Бабушка выпрямилась над тазом:

— Подумать надо.

— Нет, — возразил Мишук, — надо знать.

Бабушка улыбнулась и долго мыла посуду со своей одинокой улыбкой.

— Очереди, наверно... — нерешительно сказала она. — Сколько я простояла в них! Зину вырастила — стояла, твоего папку вырастила — стояла, ты родился и уже вон какой большой, а я все стою. Хорошо бы их, очереди, ликвидировать!

— А как?

— Ты один не справишься. Я и так по магазинам тебя гоняю, помощника.

— А что тебе, бабушка, нравилось всю жизнь?

Бабушка перетерла чашки, составила их в шкаф и так же неожиданно, как только что вздохнула, засмеялась — веселей всякой молодой.

— Очереди, наверно. Со знакомыми встретишься, наговоришься... Вроде клуба.

— Клуба?

— Ну да! Ты вот в цирк сколько раз ходил?

— Не считал.

— А я первый раз пошла на день рождения, когда тридцать стукнуло. Дедушка всю ночь в очереди стоял, за билетами, подарок мне... У вас-то самые длинные очереди теперь за автомобилями, а тогда в приезжий цирк ночью перекликались...

Бабушка повесила полотенце на гвоздь, подошла к двери, приложила ухо.

— Что там, баба Лена?

Она махнула рукой:

— Обсуждают. Про какого-то Сианука.

Разглагольствовал, собственно, дядя Афон, а Михаил Авдеевич лежал, задумчиво глядя в потолок, пока не попросил перестать про этого самого принца. С ним разберутся. Больше волновало совсем другое. Не понимал он, чего не хватает молодежи, и попросил дядю Афона подсказать. Не может ли?
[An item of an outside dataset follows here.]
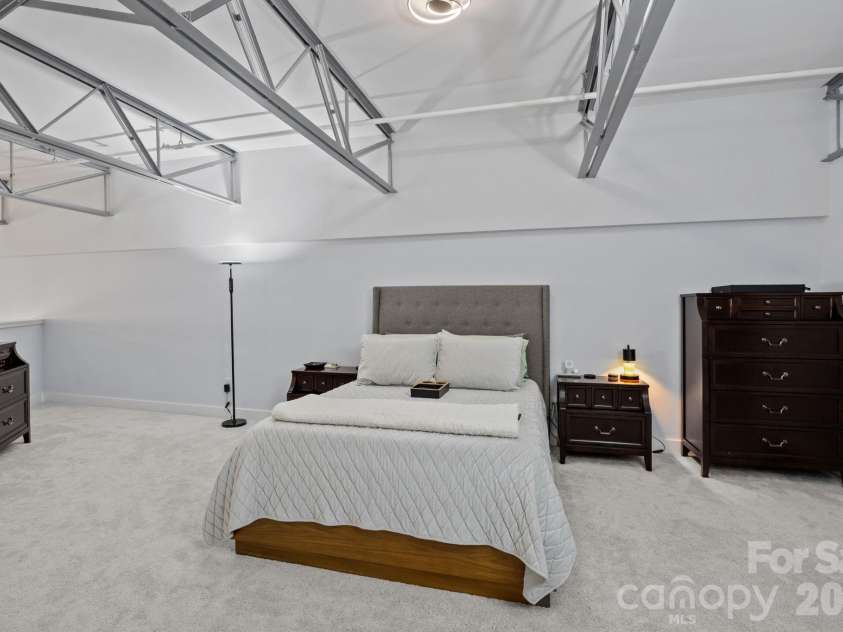 921 Westmere Avenue, Charlotte, NC 28208.  MLS# CAR4357754, YatesRealty ID 24265.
— Пара пустяков, — охотно согласился тот, — сознательности ей не хватает.

— А целина? Гидростанции? КамАЗ? БАМ? — спрашивал Михаил Авдеевич тихо.

— Так молодежь у нас героическая! Кто же спорит?

— Героическая, но бессознательная?

— Э, нет! Одно не прячет другого. Здесь БАМ, а там — на гитарах бряцают поперек мотива, хиппи-мипи местного образца. Корчатся на углах. И лохмы до плеч. Тьфу!

— По-моему, важно, что в голове, а не на ней.

— Волос длинен — ум короток. Кто это сказал? Народ. Он зря говорить не будет, не спорь с народом. Я бы им всем расклеил эти слова на лбах. Пусть так и ходят, соответствуя.

— А гитара у моего Кости тоже есть.

— Работает и культурно отдыхает. При чем здесь Костя?

— О других слышу, а про Костю думаю.

— Неконкретно ты как-то откровенничаешь, старый.

— Ничего конкретного нет, — сказал Михаил Авдеевич, отвернувшись к стене, и задышал почаще.

— Врешь.

— Мы с Леной прожили больше сорока лет. Все трудное сближало. А нынешняя молодежь?

— Вот-вот! Бегают со своей свободной любовью! Охмуряют друг дружку.

— Как раз без любви и бегают, а с любовью на одном месте живут. — Старый горновой посмотрел на друга во все глаза. — Думаю — они сложней живут.

— Они? — оскорбленно удивился Афон. — Мы на одну буханку всей семьей тянули неделю! А война?

— Сложней в том смысле, что больше думают. О себе, о жизни, раз уж хлеб для них — не проблема. Нам на это времени не хватало. Я правду говорю. Мы для них ляжем в землю, как удобрения.

Михаил Авдеевич замолчал, рука его нелегко поднялась, легла на сердце, и вторая подтянулась к ней, будто одной руке не спрятать было всей боли, глаза закрылись.

— Да, финиш близко, но спешить не надо. Куда, зачем? — сказал Афон и беспокойным шепотом позвал: — Миша! Ты что лежишь, как в гробу?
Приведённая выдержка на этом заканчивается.